2 large chicken breasts cut in half lengthwise
Flour for dredging
1 tbsp. olive oil
2 tbsp. butter divided
1 whole head garlic cloves peeled
1/2 cup chicken broth or stock
1/2 tsp. lemon juice
1/4 tsp. garlic powder
1 cup heavy/whipping cream
Salt & pepper to taste
Parsley chopped (optional)
Cut the chicken in half lengthwise so you have 4 smaller cutlets. Sprinkle them with some salt & pepper and coat them in the flour.
Add the olive oil and 1 tbsp of the butter to a skillet over medium-high heat. Once the pan is hot, sauté the chicken for 4-5 minutes/side or until it’s nice and golden. Take the chicken out of the pan and set it aside.
Reduce the heat to medium (or even med-low if using cast iron), and add the rest of the butter to the pan. Let it melt and then add the garlic cloves. Cook them for 3-4 minutes, stirring often, until they’re lightly browned on the outside.
Add the chicken broth, lemon juice, and garlic powder to the pan. Let it bubble for around 4 minutes or until the liquid is noticeably reduced.
Stir in the cream and add the chicken back into the pan. Let it cook for another 5 minutes or so, until the sauce is reduced and the chicken is cooked through.

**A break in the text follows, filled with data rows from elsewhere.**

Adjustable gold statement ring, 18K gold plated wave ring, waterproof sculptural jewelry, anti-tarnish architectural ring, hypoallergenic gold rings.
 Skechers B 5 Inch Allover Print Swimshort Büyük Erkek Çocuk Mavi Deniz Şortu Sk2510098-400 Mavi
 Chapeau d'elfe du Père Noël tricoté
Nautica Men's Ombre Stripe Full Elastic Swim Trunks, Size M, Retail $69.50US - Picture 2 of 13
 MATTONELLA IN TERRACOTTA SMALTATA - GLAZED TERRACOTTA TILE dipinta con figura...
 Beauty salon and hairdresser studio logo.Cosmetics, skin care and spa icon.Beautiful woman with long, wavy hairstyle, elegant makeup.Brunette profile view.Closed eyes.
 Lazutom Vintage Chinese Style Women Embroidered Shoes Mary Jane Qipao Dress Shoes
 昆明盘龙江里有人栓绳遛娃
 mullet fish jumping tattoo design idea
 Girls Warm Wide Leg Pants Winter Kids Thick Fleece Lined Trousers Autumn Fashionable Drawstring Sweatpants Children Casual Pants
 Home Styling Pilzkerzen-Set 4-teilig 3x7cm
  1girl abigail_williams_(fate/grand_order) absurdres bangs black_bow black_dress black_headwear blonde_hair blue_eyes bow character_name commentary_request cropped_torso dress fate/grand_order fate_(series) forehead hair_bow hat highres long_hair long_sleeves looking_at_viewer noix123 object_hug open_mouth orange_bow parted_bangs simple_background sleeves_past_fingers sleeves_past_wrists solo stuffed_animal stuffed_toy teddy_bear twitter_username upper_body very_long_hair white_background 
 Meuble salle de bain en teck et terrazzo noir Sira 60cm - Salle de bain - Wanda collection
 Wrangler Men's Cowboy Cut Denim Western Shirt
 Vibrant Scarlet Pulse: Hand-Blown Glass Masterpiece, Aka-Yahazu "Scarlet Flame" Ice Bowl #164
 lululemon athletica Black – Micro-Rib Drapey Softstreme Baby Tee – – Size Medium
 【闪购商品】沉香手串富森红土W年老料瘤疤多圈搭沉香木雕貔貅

Serve with freshly chopped parsley if you wish.
- Can use cast iron skillet to make this recipe.
- Recommend using large boneless/skinless chicken breasts for this recipe since they are being cut in half lengthwise. If using smaller ones, use 4 and leave intact.
- If using some large garlic cloves, cut them in half so they’re all roughly the same size.